I debated using a split ring to attach the hook but decided to go directly on the wire. Why do you use a split ring?


-VHR


----------



## PunyTrout (Mar 23, 2007)

VetHuntRookie said:


> I debated using a split ring to attach the hook but decided to go directly on the wire. Why do you use a split ring?
> 
> 
> -VHR


Split rings allow you to swap out hooks. If the hooks become damaged or if you're fishing an area that requires single or barbless hooks. There's also less of a tendency to have the hook get caught up and ',hinge' during the battle when a fish is being landed. Overall using split rings gives you greater flexibility and adds longevity to your lure IMO. 

I use heavy-duty stainless steel wire when making my spinners. Most store bought major brands use flimsy wire that you can bend easily. Any large fish can ruin a lure after one use. I make my own because I can control the quality of the product I produce.


----------



## tincanary (Jul 23, 2018)

Where do you guys get your materials? I've looked at Jann's as well as a few others, but still not exactly sure. I guess the main thing for me is what gauge wire to use for trout spinners, the rest I can probably figure out.


----------



## VetHuntRookie (Sep 18, 2021)

tincanary said:


> Where do you guys get your materials? I've looked at Jann's as well as a few others, but still not exactly sure. I guess the main thing for me is what gauge wire to use for trout spinners, the rest I can probably figure out.


I got my parts from lurepartsonline.com. Mine are 3” Looped End Wire Shafts in a .026” diameter. Including shipping and tax it is coming out to $1.97 a lure. Mine are lead-free too, if that is a factor for you. Lurepartsonline.com also has lead lure bodies for a lower cost.


-VHR


----------



## piketroller (Oct 24, 2016)

I second lurepartsonline. Between them and Ebay you can find anything you need.


----------



## PunyTrout (Mar 23, 2007)

tincanary said:


> Where do you guys get your materials? I've looked at Jann's as well as a few others, but still not exactly sure. I guess the main thing for me is what gauge wire to use for trout spinners, the rest I can probably figure out.
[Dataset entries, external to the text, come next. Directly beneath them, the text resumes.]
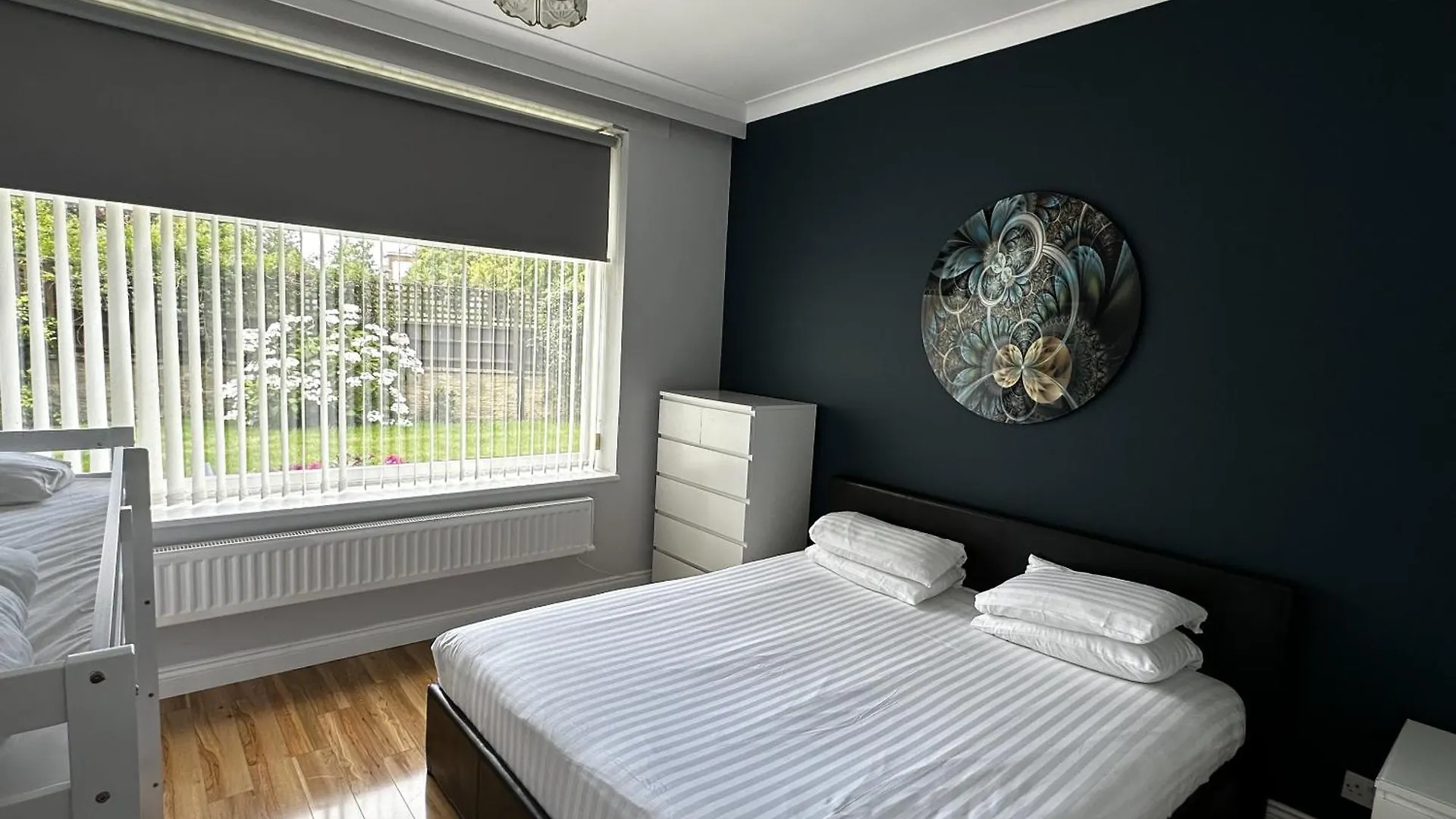Applewood Hotel Bournemouth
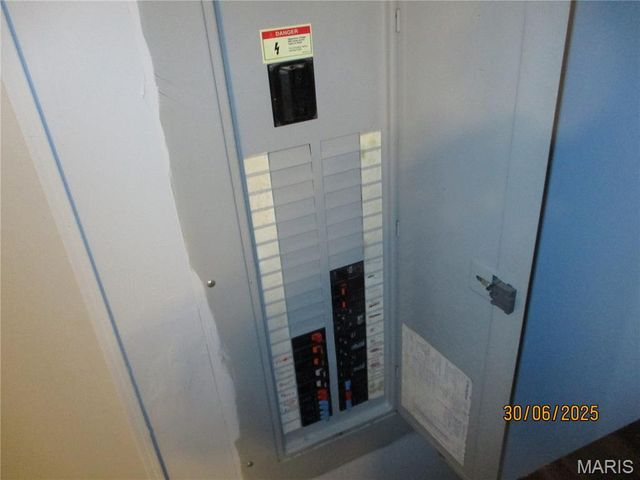 Address unavailable.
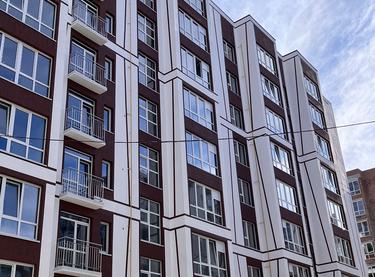 Статус будівництва ЖК Опришівська Слобода Будинок 2 (Секція 1, Секція 2)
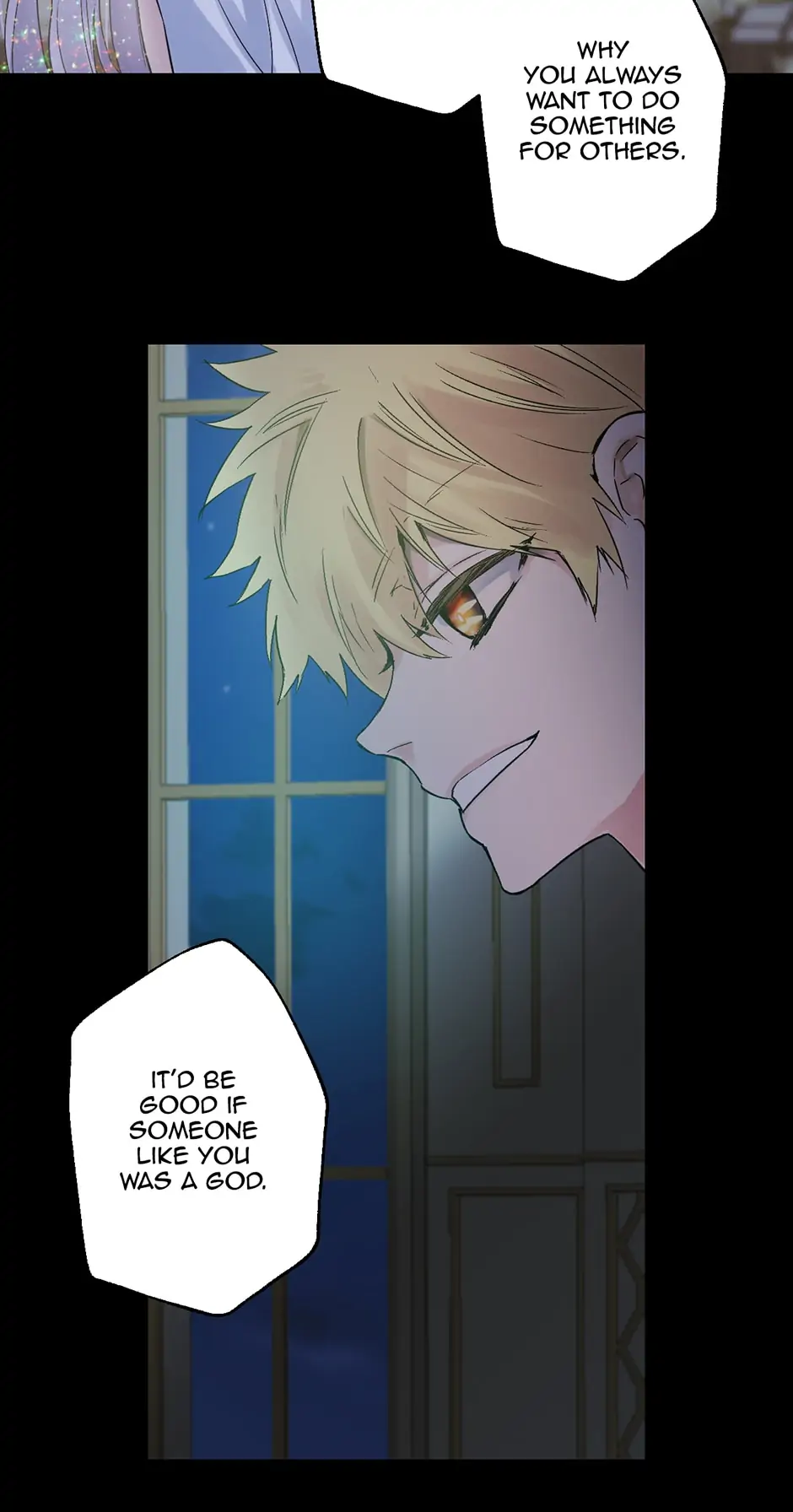 As Long As You Like It chapter 228 page 32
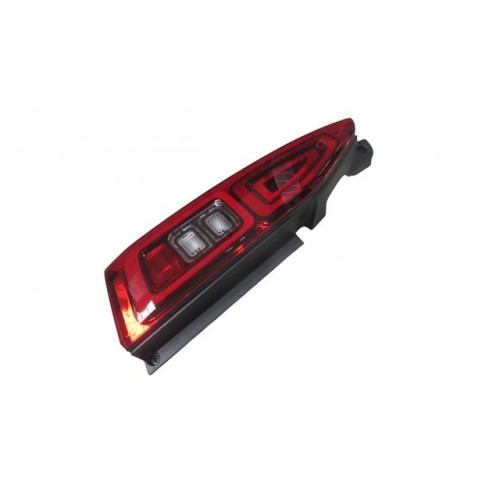 (YENİ ÜRÜN!!!)TOYOTA PROACE CITY- 21/24; STOP LAMBASI SOL KIRMIZI/BEYAZ (MARS)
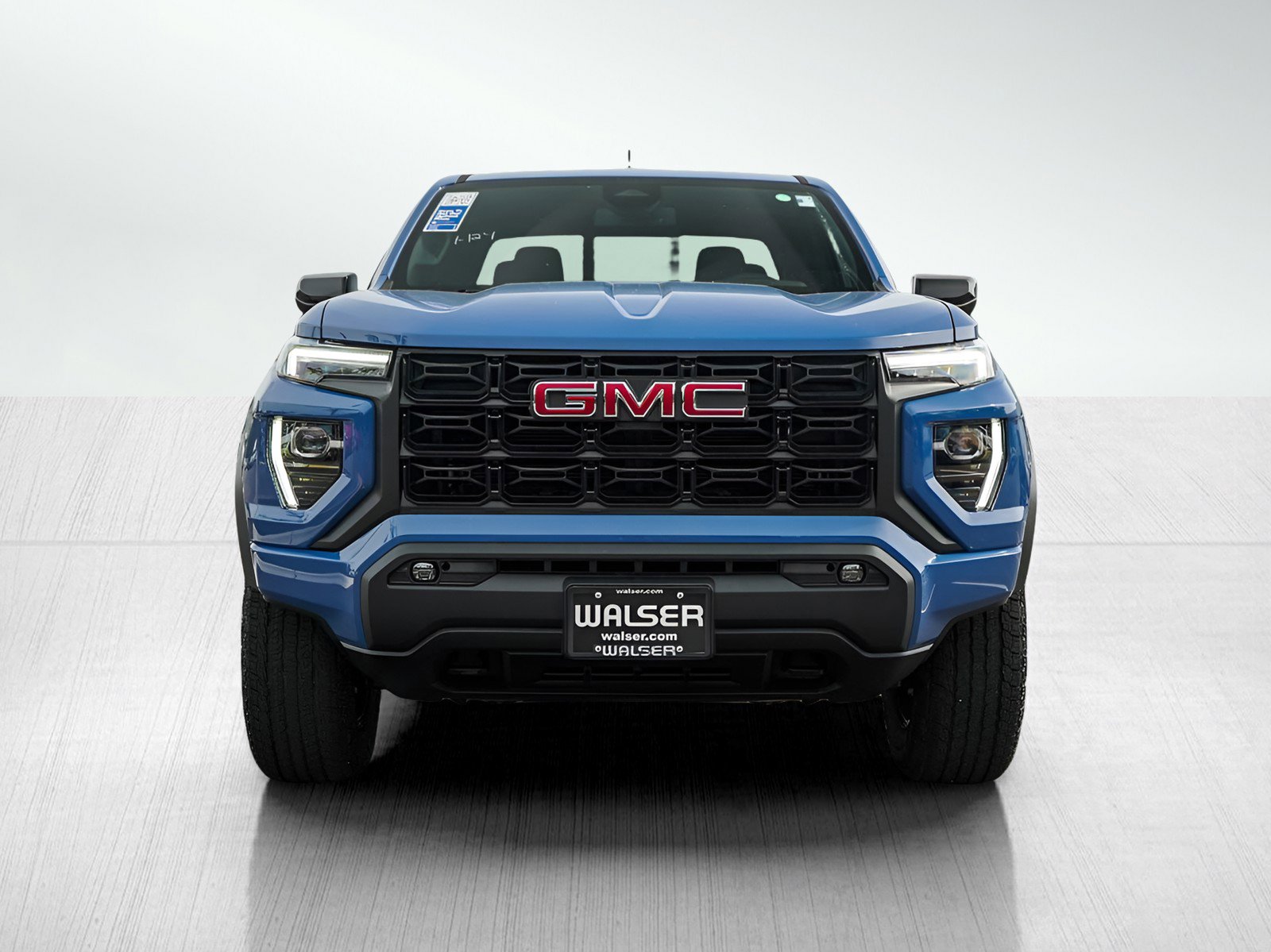 2025 Gmc Canyon Elevation photo 2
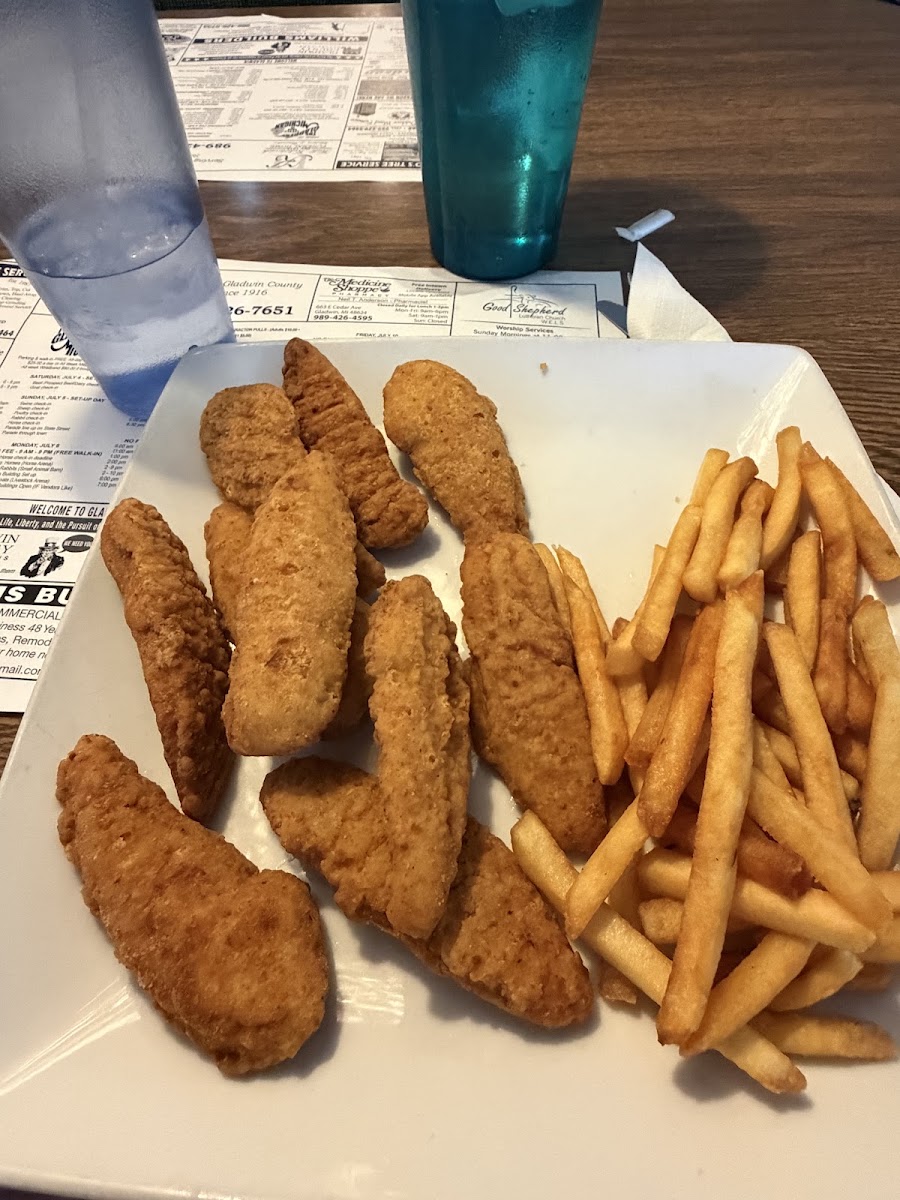 Nikki's Family Restaurant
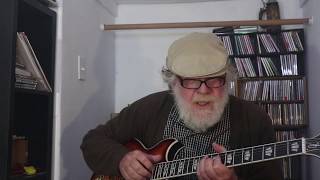 Johnny A. By Epiphone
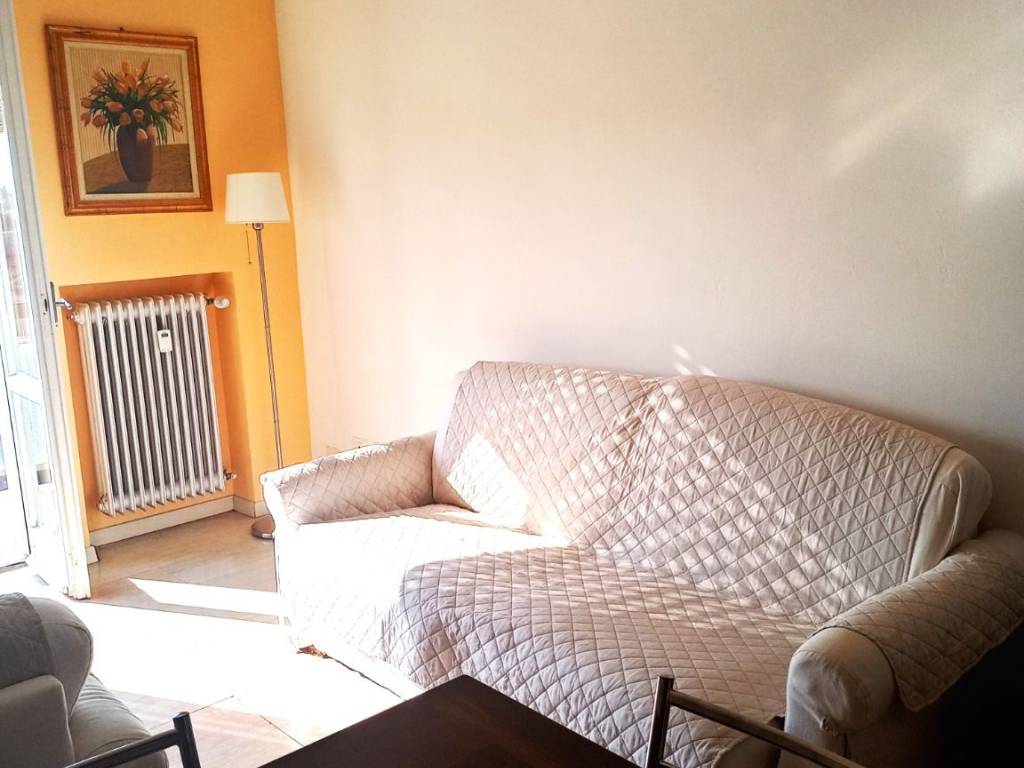 appartamento in affitto a Piacenza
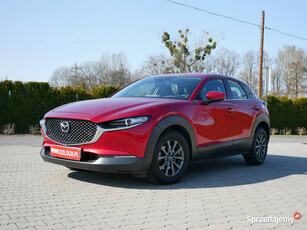 Mazda CX-30 2.0 SKY-G 150KM Kanjo [Eu6] -Salon PL -1 Właśc -Serwis ASO -Bo…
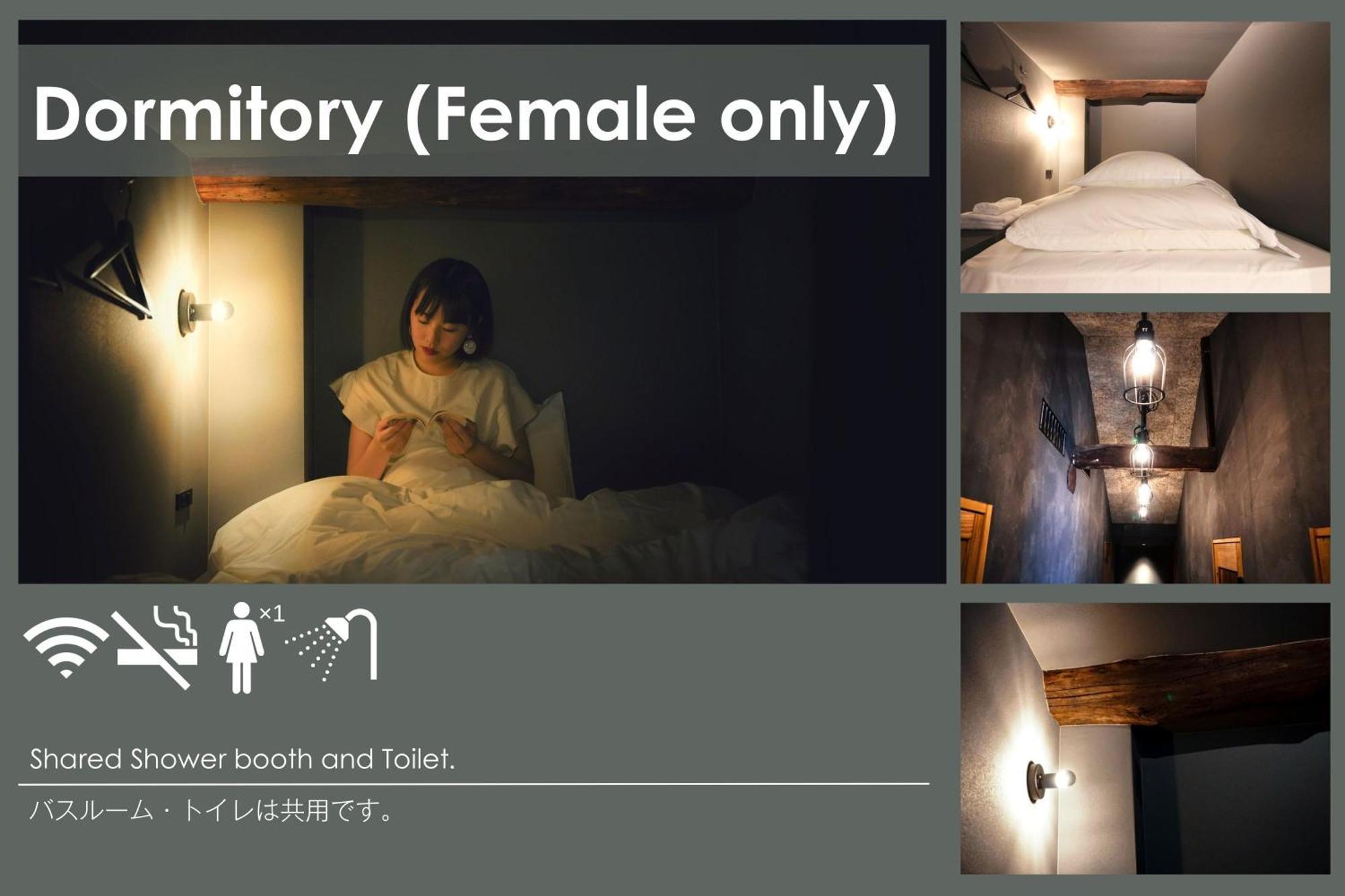 Sekai Hotel Deep Osaka Experience Yao Exteriör bild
As far as wire is concerned, I buy stainless steel wire in 25 ft. rolls from Lakeside Tackle in Saint Clair Shores. I like 0.041 diameter wire. If you're using a wire forming tool it's easy but if you're just using a pair of needle nose pliers I'd stick with using 0.035 wire. It's easy to bend but not too flimsy. Buying pre-formed wire shafts is a convenient way to go but is more costly in the end and there is significant leftover scraps so its not as efficient as using a wire forming tool setup.


----------



## tincanary (Jul 23, 2018)

PunyTrout said:


> As far as wire is concerned, I buy stainless steel wire in 25 ft. rolls from Lakeside Tackle in Saint Clair Shores. I like 0.041 diameter wire. If you're using a wire forming tool it's easy but if you're just using a pair of needle nose pliers I'd stick with using 0.035 wire. It easy to bend but not too flimsy. Buying pre-formed wire shafts is a convenient way to go but is more costly in the end and there is significant leftover scraps so its not as efficient as using a wire forming tool setup.


I have round nose pliers for bending wire, those should do the trick. Lakeside is right down the road from my workplace, gonna pay them a visit soon.


----------



## PunyTrout (Mar 23, 2007)

tincanary said:


> I have round nose pliers for bending wire, those should do the trick. Lakeside is right down the road from my workplace, gonna pay them a visit soon.



I _might have_ bought out their stock of wire the last time I was in there. I think I left one package though. I can spare you a package if you want next time I drop off some reels for service.


----------



## piketroller (Oct 24, 2016)

tincanary said:


> I have round nose pliers for bending wire, those should do the trick. Lakeside is right down the road from my workplace, gonna pay them a visit soon.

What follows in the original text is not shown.